YOUR INSTRUCTIONS: The entries are to be given back verbatim; no picture is to be copied.

RECORDS SHOWN:
== Segment start ==

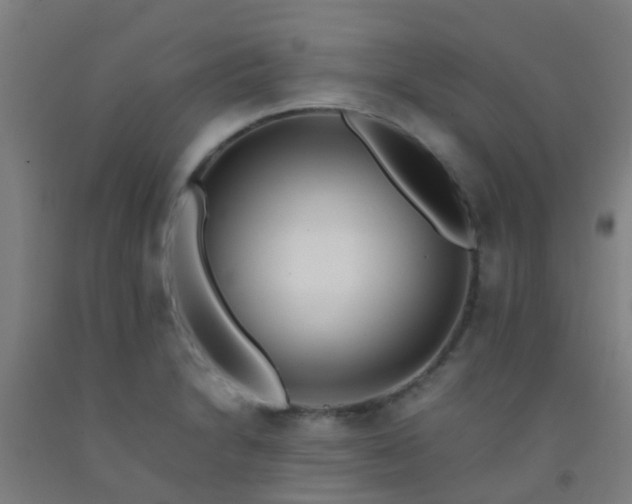 X0000092311230200709281340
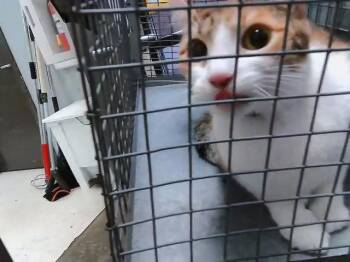 Domestic Short Hair Cats Available for Adoption in Tulsa, Oklahoma - MAZIE | PetCurious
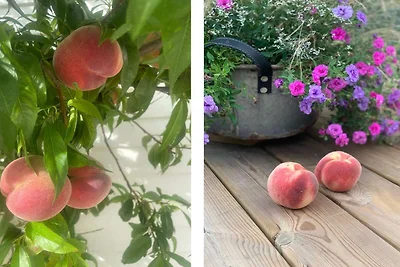 4 Sterne Ferienhaus in FÄRJESTADEN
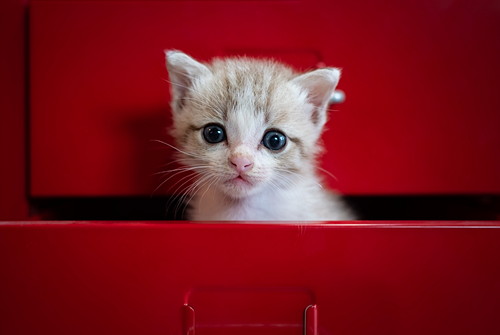 犬だけじゃない!猫も気をつけたい「フィラリア症」について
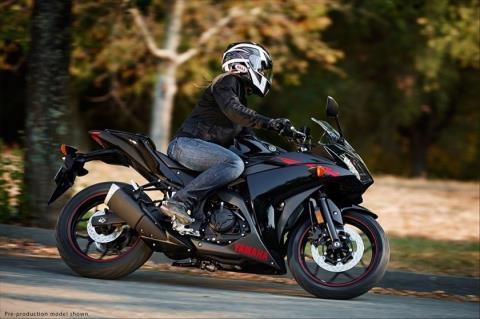 2015 Yamaha YZF-R3 in Howell, Michigan - Photo 33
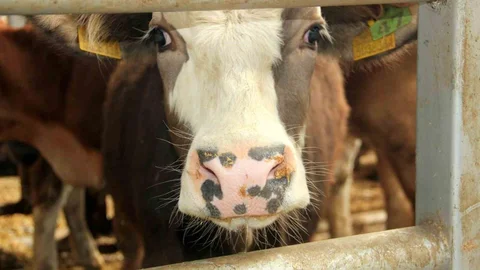 Çal’da 2 mahallede şap tespit edilmesi üzerine 19 mahalle karantinaya alındı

== Segment end ==

ANSWER TO THIS TASK:
 X0000092311230200709281340
 Domestic Short Hair Cats Available for Adoption in Tulsa, Oklahoma - MAZIE | PetCurious
 4 Sterne Ferienhaus in FÄRJESTADEN
 犬だけじゃない!猫も気をつけたい「フィラリア症」について
 2015 Yamaha YZF-R3 in Howell, Michigan - Photo 33
 Çal’da 2 mahallede şap tespit edilmesi üzerine 19 mahalle karantinaya alındı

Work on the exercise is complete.